The young man became his team’s captain. The professional sports squad was now led by a mild-mannered kid who barely needed to shave. His first press conference was underwhelming. He kept deferring to the coach and to his teammates, and mumbled clichés about just trying to do his job. The team performed poorly that season, and by the end of it the young captain had been traded. He didn’t grasp that he’d been entrusted with the authority to lead, or maybe he never believed he could.
Due to his failures, Saul was “small in [his] own eyes” (1 Samuel 15:17)—which is a funny thing to say about a guy who’s described as being tall. He was literally head and shoulders above the rest (9:2). And yet that wasn’t how he saw himself. In fact, his actions in the chapter show him trying to win the approval of the people. He hadn’t fully grasped that God—not people—had chosen him and given him a mission.
But Saul’s mistake is a picture of every human being’s failure: we can miss that we were made in God’s image to reflect His rule, and end up misusing our authority—spreading destruction in the world. To undo this, we need to return to God: to let the Father define us by His love, to let Him fill us with the Spirit, and to let Jesus send us out into the world.
Dear Father, give me eyes to see myself as You see me, and grant me the grace to faithfully carry out the calling You’ve entrusted to me.
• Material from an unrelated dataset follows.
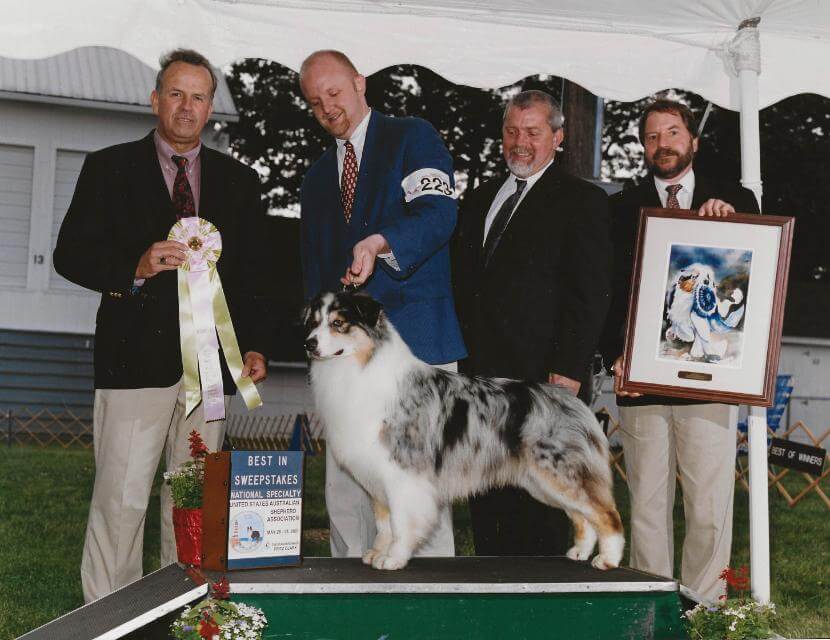 Ch. Bayshore’s Bravado, “Bravo.” Best in Sweepstakes & Winners Dog2001 USASA National Specialty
Samuel was the last of the judges to rule over the Israelites. When he became old, the people rejected him and instead asked for a king to rule them so they could be like the nations around them (1 Samuel 8:5, 19–20). This request displeased Samuel (v. 6) and God, who had wanted the Israelites to be different from those around them. But God granted their request and acknowledged that the Israelites were rejecting Him, not Samuel (vv. 7–9). Samuel anointed Saul as king (ch. 9; 11:12–15); however, God eventually rejected Saul for disobedience (13:13; ch. 15). He was replaced by David, “a man after [God’s] own heart” (13:14).